■ WHAT YOU SHOULD DO: Write out exactly, and only, the lines below from the line with "Detail of red" through the line with "Citysuites 2 Aparthotel"; pictures do not belong in the copy.
____ RECORD EXCERPTS
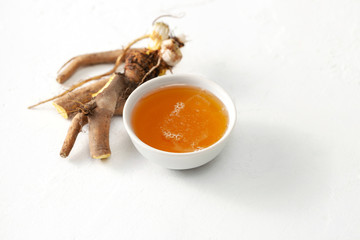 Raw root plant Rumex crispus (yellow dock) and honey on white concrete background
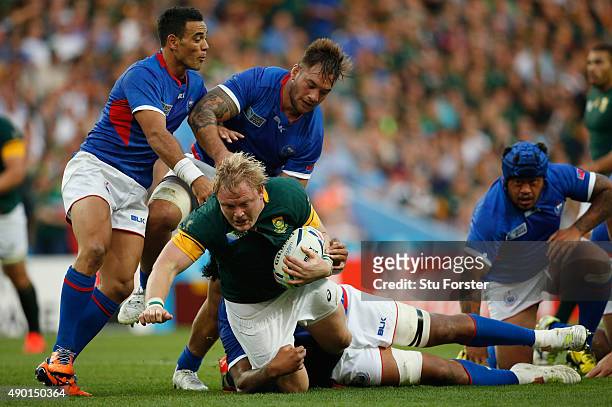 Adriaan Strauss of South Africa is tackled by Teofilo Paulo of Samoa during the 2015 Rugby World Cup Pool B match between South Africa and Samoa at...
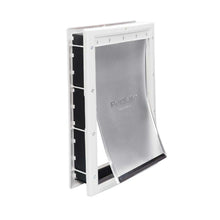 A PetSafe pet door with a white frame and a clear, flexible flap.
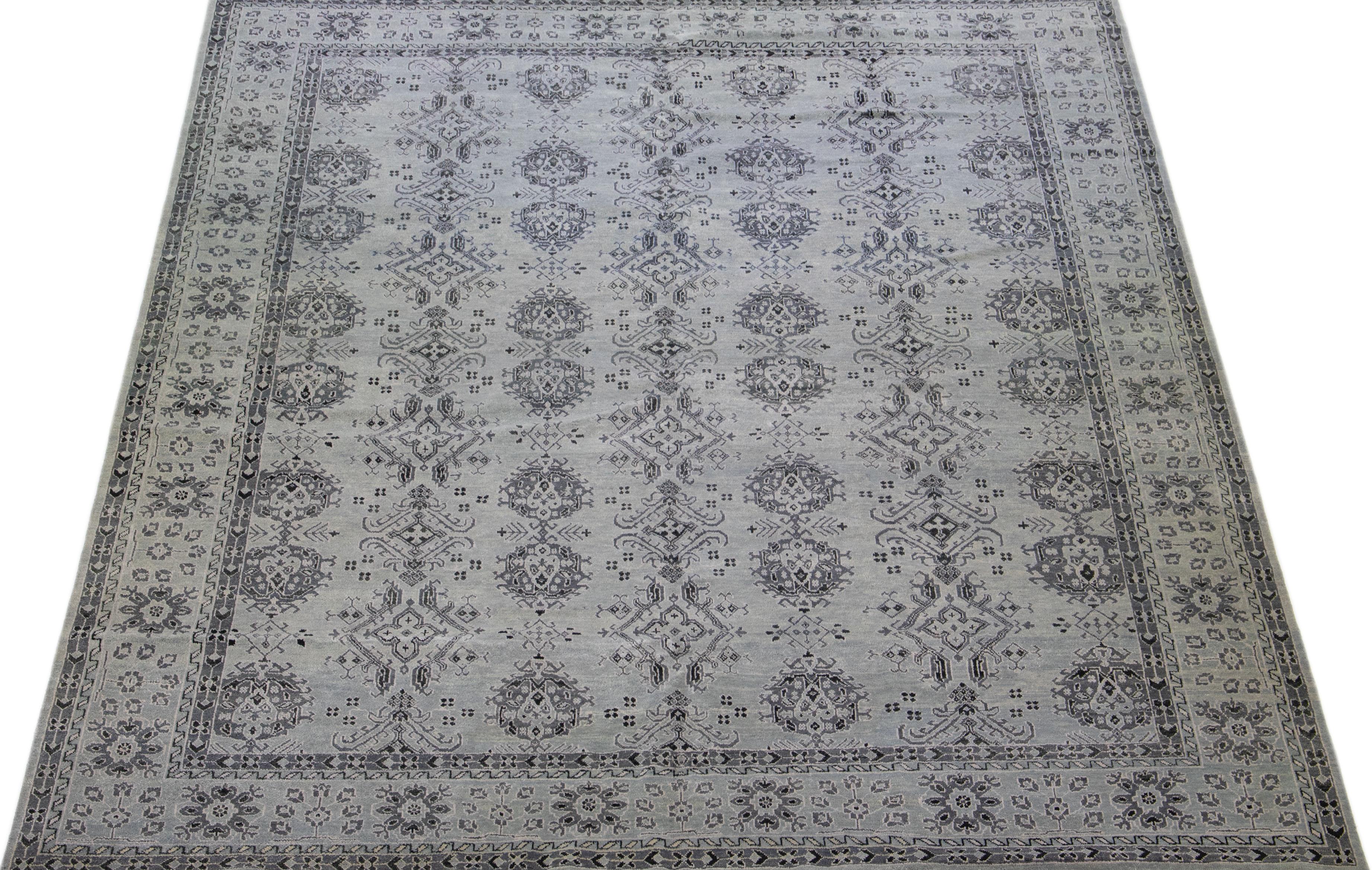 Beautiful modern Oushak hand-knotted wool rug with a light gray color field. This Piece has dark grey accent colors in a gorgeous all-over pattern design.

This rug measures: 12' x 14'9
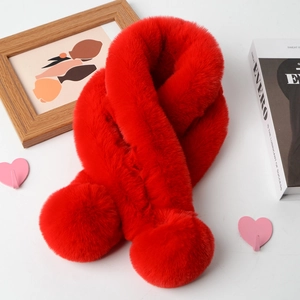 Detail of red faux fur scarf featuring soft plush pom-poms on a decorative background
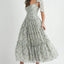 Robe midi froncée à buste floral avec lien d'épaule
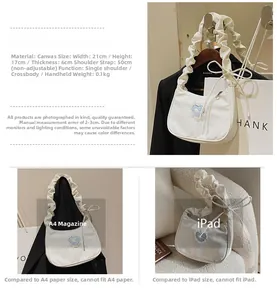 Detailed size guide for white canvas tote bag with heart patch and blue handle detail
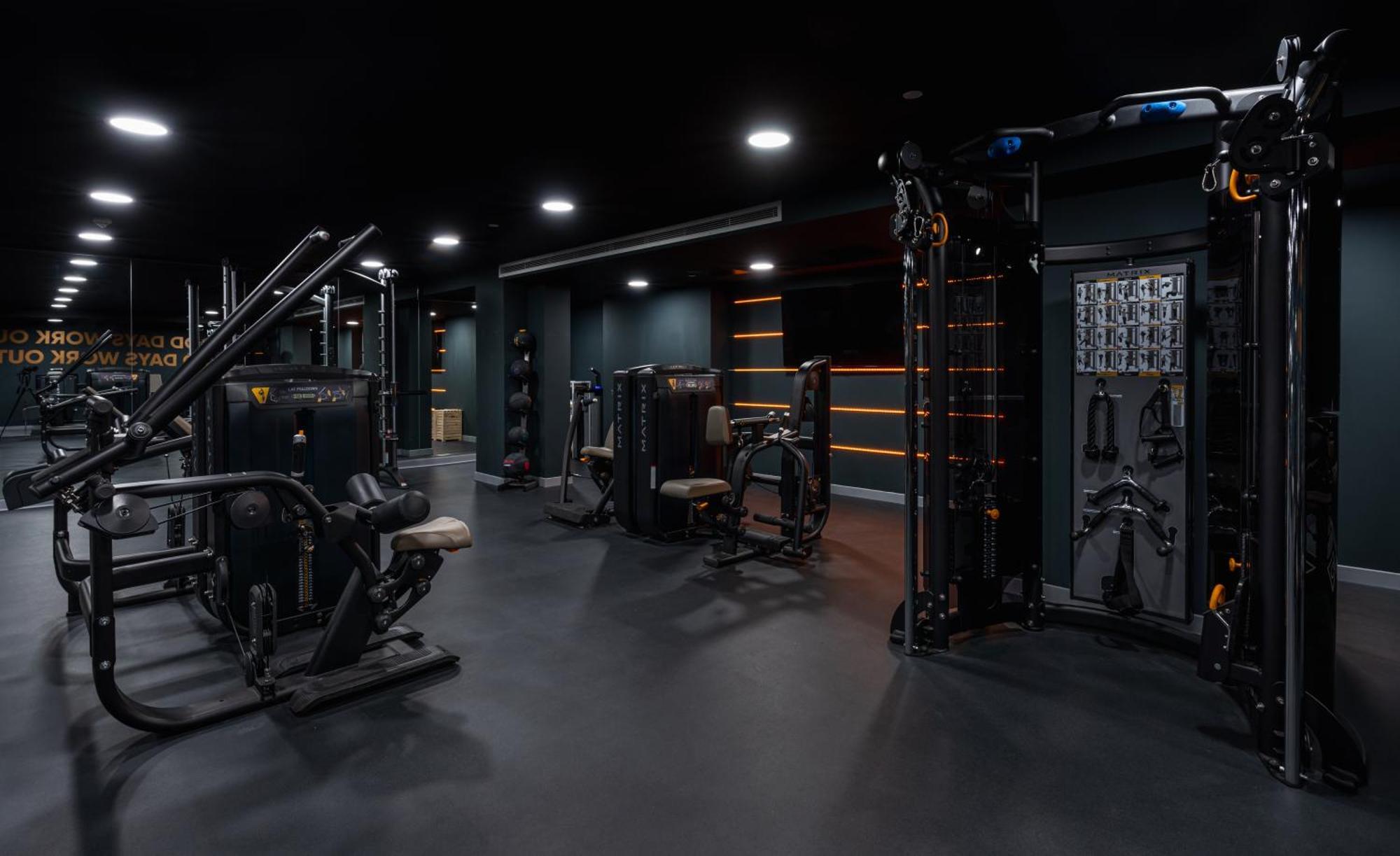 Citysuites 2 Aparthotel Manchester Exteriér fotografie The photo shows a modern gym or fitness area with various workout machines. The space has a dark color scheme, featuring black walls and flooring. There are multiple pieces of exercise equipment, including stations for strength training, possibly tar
________
____ RECORD EXCERPTS
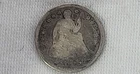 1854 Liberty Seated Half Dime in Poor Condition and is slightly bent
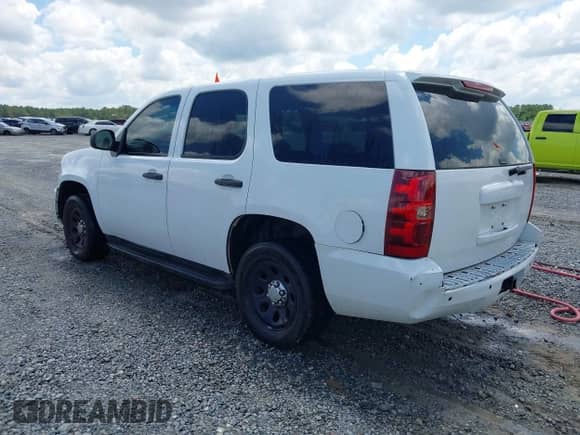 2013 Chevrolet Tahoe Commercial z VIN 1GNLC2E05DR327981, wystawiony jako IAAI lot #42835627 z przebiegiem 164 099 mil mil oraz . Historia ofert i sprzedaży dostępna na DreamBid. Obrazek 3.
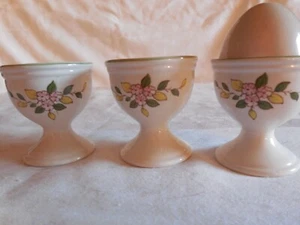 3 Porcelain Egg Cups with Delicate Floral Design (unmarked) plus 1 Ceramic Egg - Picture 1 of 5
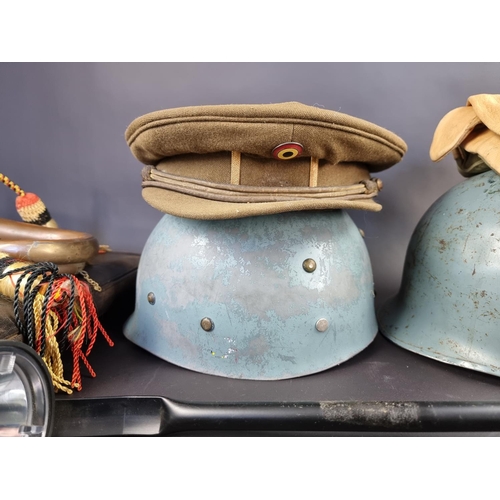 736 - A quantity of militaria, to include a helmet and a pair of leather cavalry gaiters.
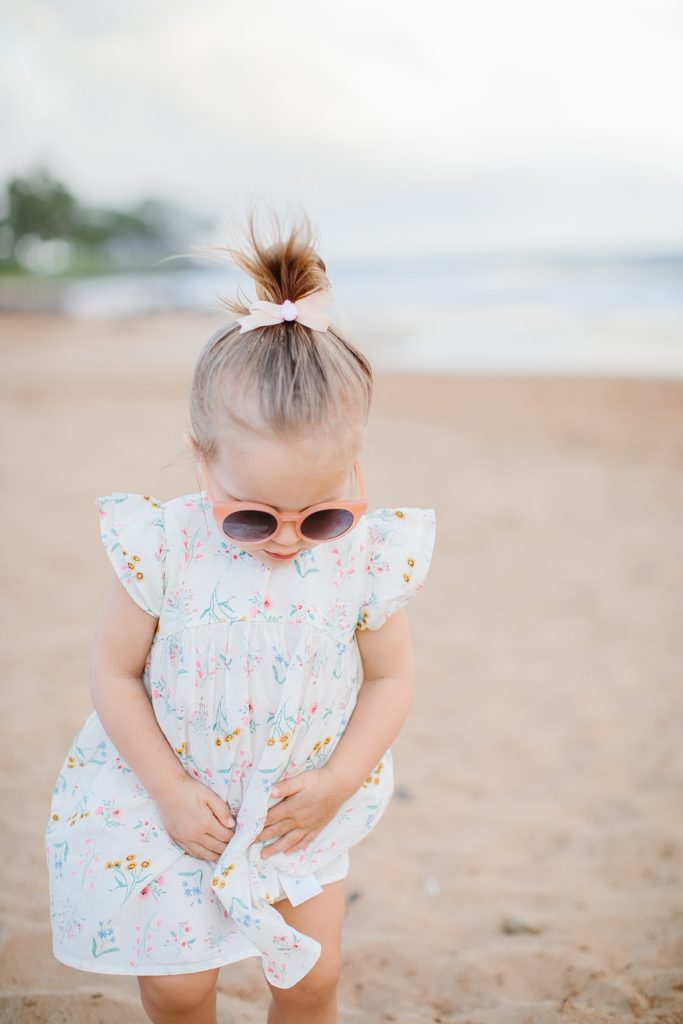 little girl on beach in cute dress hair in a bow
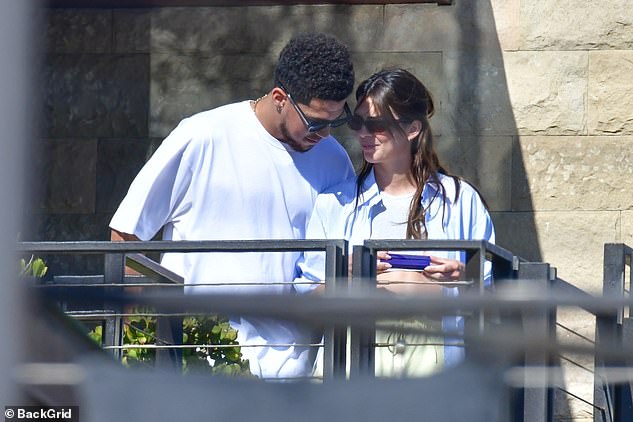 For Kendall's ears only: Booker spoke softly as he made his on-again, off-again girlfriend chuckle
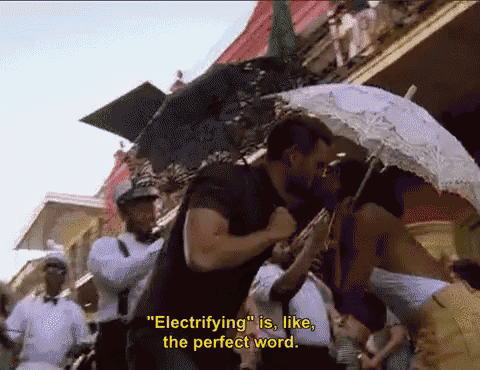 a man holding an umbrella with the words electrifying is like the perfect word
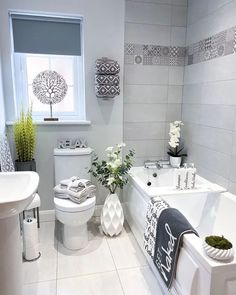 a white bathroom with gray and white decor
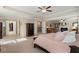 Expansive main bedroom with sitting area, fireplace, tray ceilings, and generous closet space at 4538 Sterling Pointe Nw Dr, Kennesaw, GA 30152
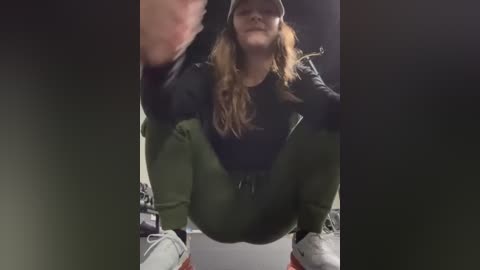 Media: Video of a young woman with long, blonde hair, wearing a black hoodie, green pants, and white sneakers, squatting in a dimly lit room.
________
____ RECORD EXCERPTS
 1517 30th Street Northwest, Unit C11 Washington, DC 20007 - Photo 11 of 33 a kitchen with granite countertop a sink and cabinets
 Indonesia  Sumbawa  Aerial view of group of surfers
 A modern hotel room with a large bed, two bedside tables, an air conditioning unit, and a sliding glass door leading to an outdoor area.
________
■ PROBLEM SOLUTION:
 Detail of red faux fur scarf featuring soft plush pom-poms on a decorative background
 Robe midi froncée à buste floral avec lien d'épaule
 Detailed size guide for white canvas tote bag with heart patch and blue handle detail
 Citysuites 2 Aparthotel Manchester Exteriér fotografie The photo shows a modern gym or fitness area with various workout machines. The space has a dark color scheme, featuring black walls and flooring. There are multiple pieces of exercise equipment, including stations for strength training, possibly tar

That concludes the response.